I woke with an image vivid in my mind, a dream so clear I could recall every detail. A young man, black hair drawn back in a silver clasp of wrought leaves and dressed in the style of Messire’s ancestral portraits: So this was Temar D’Alsennin, last scion of a lost line and the man whose sword I now possessed. But this was more than an image, more than a dream. I shook my head at the thought of his conflicting hopes and apprehension for the future, reason yielding to an overwhelming need to make a family to replace the one he had lost in his childhood. I felt his pain at Guinalle’s intransigence, his confusion, sympathized with his blatant flirtation with Elsire, just to let Guinalle know she wasn’t the only squab in the dovecote. In many ways he reminded me of myself twelve years gone. I recognized that impulsiveness, the confidence that had led me into the toils of chewing thassin, above all the intensity of youthful emotion unblunted by more mature experience.

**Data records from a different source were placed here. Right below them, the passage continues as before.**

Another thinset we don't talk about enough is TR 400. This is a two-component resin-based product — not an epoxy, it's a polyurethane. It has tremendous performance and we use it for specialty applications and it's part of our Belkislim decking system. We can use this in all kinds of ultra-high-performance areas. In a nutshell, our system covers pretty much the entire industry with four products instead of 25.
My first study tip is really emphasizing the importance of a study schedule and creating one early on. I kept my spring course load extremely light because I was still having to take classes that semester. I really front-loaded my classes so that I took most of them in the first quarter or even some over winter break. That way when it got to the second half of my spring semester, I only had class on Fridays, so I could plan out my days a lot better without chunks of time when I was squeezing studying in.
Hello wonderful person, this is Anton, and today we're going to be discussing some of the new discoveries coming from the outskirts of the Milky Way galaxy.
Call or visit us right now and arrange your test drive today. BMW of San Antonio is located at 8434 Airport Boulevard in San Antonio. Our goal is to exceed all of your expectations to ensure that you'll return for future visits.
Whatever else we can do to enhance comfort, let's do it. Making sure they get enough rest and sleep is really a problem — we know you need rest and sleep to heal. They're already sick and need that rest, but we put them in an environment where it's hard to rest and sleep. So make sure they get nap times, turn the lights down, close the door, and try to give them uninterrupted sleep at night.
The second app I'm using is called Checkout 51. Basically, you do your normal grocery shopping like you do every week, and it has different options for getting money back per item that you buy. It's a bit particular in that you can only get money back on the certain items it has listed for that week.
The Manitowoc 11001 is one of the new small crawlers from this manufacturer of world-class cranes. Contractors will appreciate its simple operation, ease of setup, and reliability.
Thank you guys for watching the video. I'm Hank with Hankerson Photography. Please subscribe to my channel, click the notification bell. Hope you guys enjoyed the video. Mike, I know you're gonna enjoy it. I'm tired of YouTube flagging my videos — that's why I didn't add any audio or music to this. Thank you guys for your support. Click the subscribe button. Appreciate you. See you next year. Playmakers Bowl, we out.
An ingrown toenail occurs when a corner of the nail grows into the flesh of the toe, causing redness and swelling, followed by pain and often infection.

I shook my head with a faint smile over Temar’s difficulties with Guinalle; at least Livak and I only had ourselves to please when we finally worked out what we wanted from each other and the future, if we ever did. I wondered fleetingly what Livak was doing at that moment.

It had been a strange dream, mostly seen through Temar’s eyes, but at the same time I had felt separate from him. I was an outsider yet seeing direct into his ambitions and fears in that curious fashion. Above all I was most startled to realize that if I’d met him on the road I would have sworn Temar was the man who had awakened me when the bandits had attacked us on Prosain Heath. What had that been all about? That must have been a dream as well, mustn’t it? I’d recognized that belt buckle too, the one that Elietimm priest or whatever he called himself had been weaving his spells around for Kaeska. It had belonged to Temar; what could that signify? Had it been Temar’s passion erupting into my mind that had sent me insensible in Relshaz? I had no logical reason to think so but felt convinced of it nevertheless.

I sat up on my pallet and leaned against the wall. This early in the morning the air was still cool and the sounds of birdsong in the gardens filtered through the light shutters, no insects to torment me. I savored the peace and quiet, only broken by the sounds of stealthy house slaves going about their early duties far below. Was this recollection of the long-passed festival the sort of memory that Planir the Archmage had been hoping the sword would pass to me? If so I could not for the life of me see any significance in it, other than perhaps as an object lesson in the many paradoxical ways people can find to fall out with those they love. I looked at the sword. If this was aetheric magic, it seemed no more than a curiosity, a far cry from the vicious enchantments of the Elietimm.